### Provided material
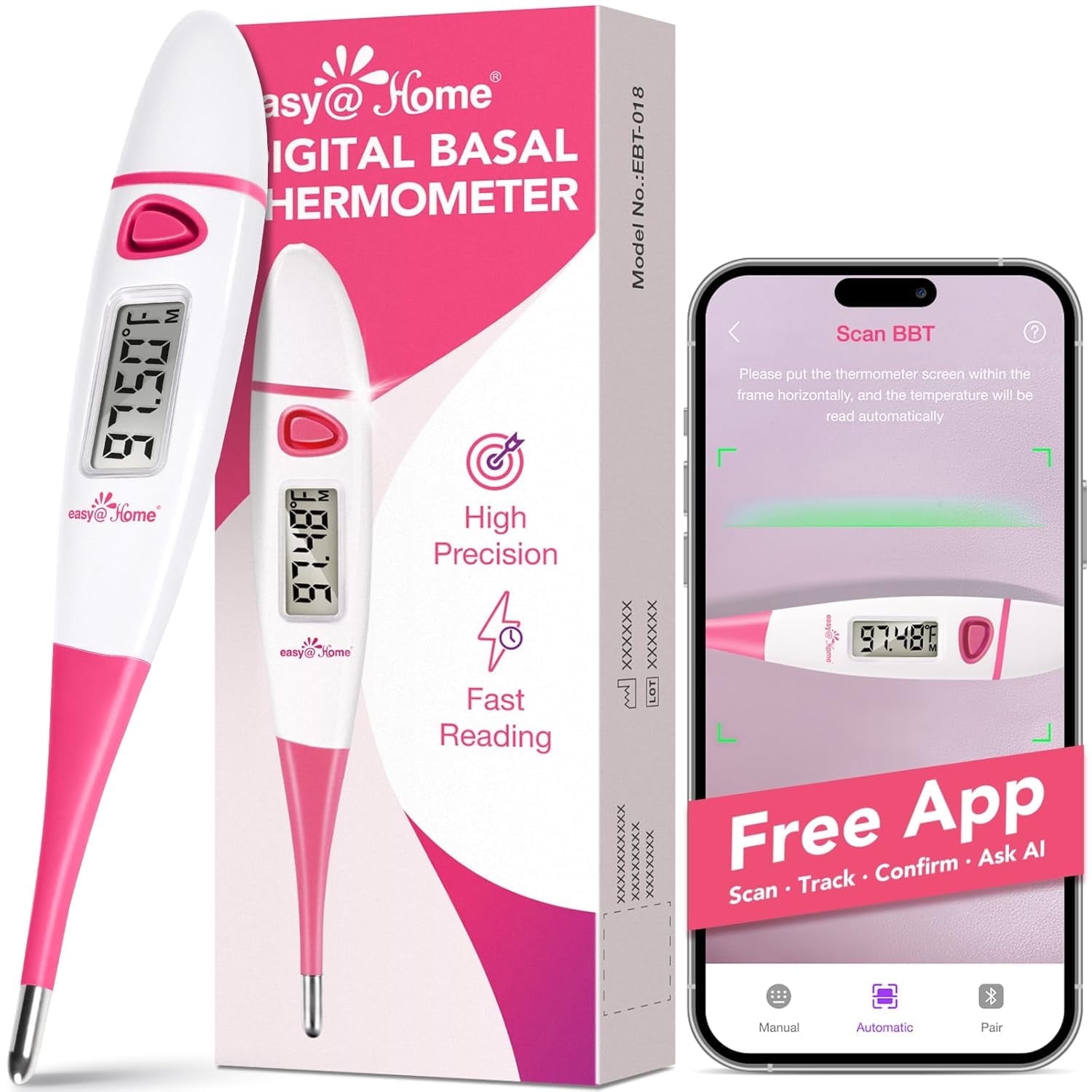 Easy@home EBT-100 Digital Oral Basal Thermometer – Large Blue Backlit Display
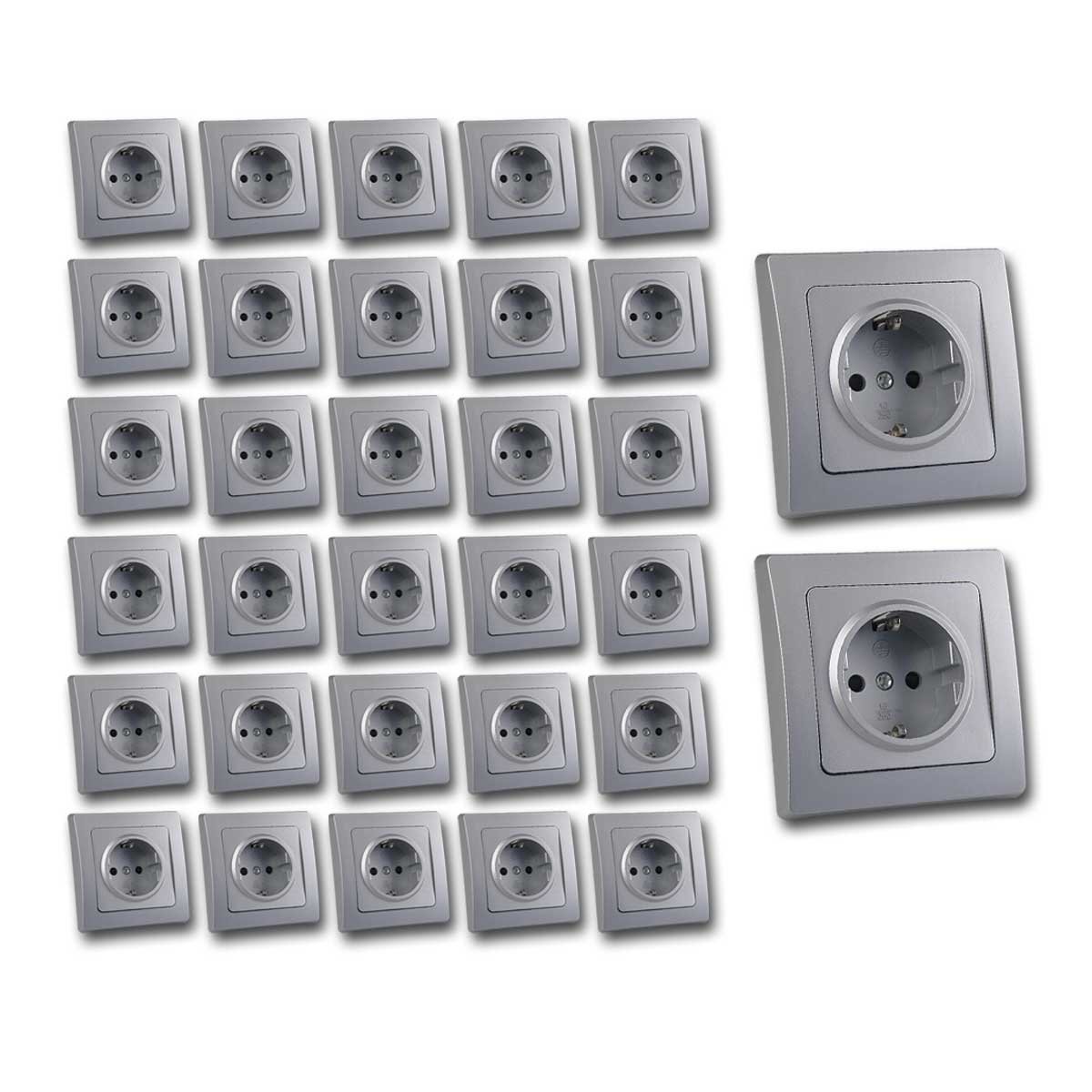 DELPHI 32er Set Schuko-Steckdosen silber 250V~/16A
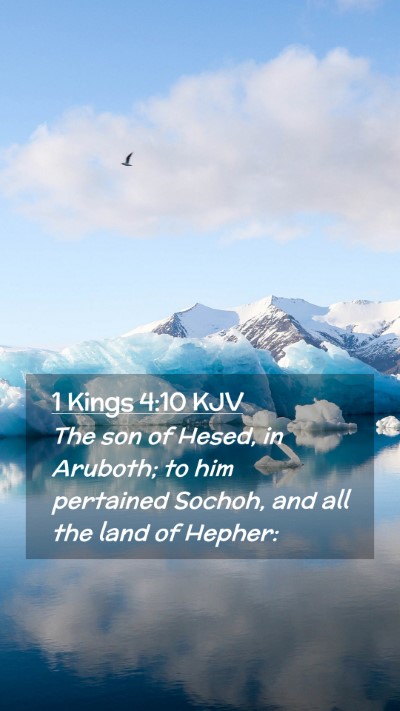 Picture 02 - 1 Kings 4:10 KJV Mobile Phone Wallpaper - The son of Hesed, in Aruboth; to him pertained - Mobile Bible Verse Wallpaper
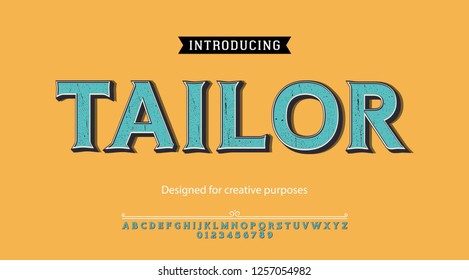Tailor typeface.For labels and different type designs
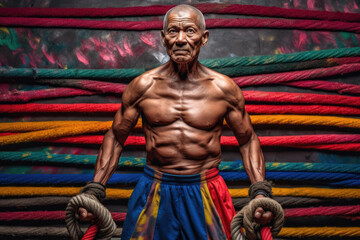 Fototapeta na wymiar A weathered veteran kickboxer striking an intense pose in front of a wall of colorful jump ropes. .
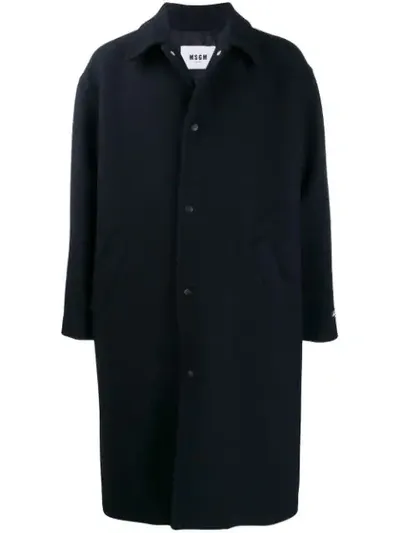 Msgm Turbo Embroidered Oversized Coat In Blue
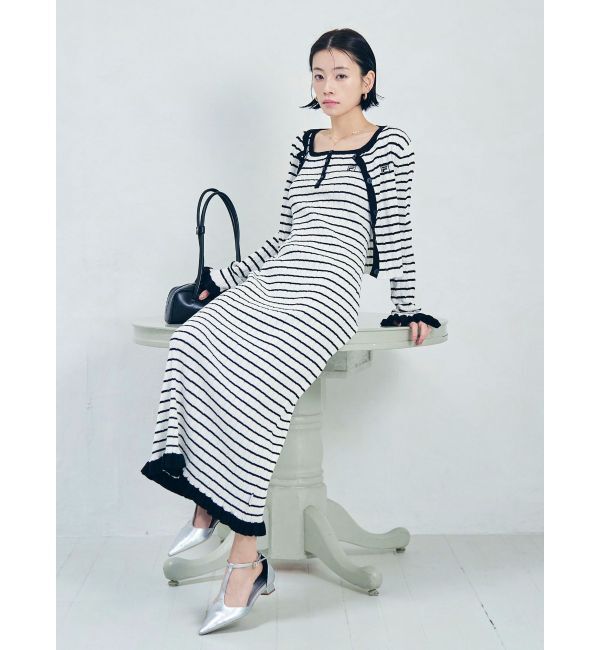 LAGUNAMOON「【FILA別注】ドライタッチバイカラーフリルデザインニットカーディガン」|カーディガン|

### Task details
When a line carries an image, skip the image and repeat everything else above exactly as written.

### Task answer
 Easy@home EBT-100 Digital Oral Basal Thermometer – Large Blue Backlit Display
 DELPHI 32er Set Schuko-Steckdosen silber 250V~/16A
 Picture 02 - 1 Kings 4:10 KJV Mobile Phone Wallpaper - The son of Hesed, in Aruboth; to him pertained - Mobile Bible Verse Wallpaper
Tailor typeface.For labels and different type designs
 Fototapeta na wymiar A weathered veteran kickboxer striking an intense pose in front of a wall of colorful jump ropes. .
 Msgm Turbo Embroidered Oversized Coat In Blue
 LAGUNAMOON「【FILA別注】ドライタッチバイカラーフリルデザインニットカーディガン」|カーディガン|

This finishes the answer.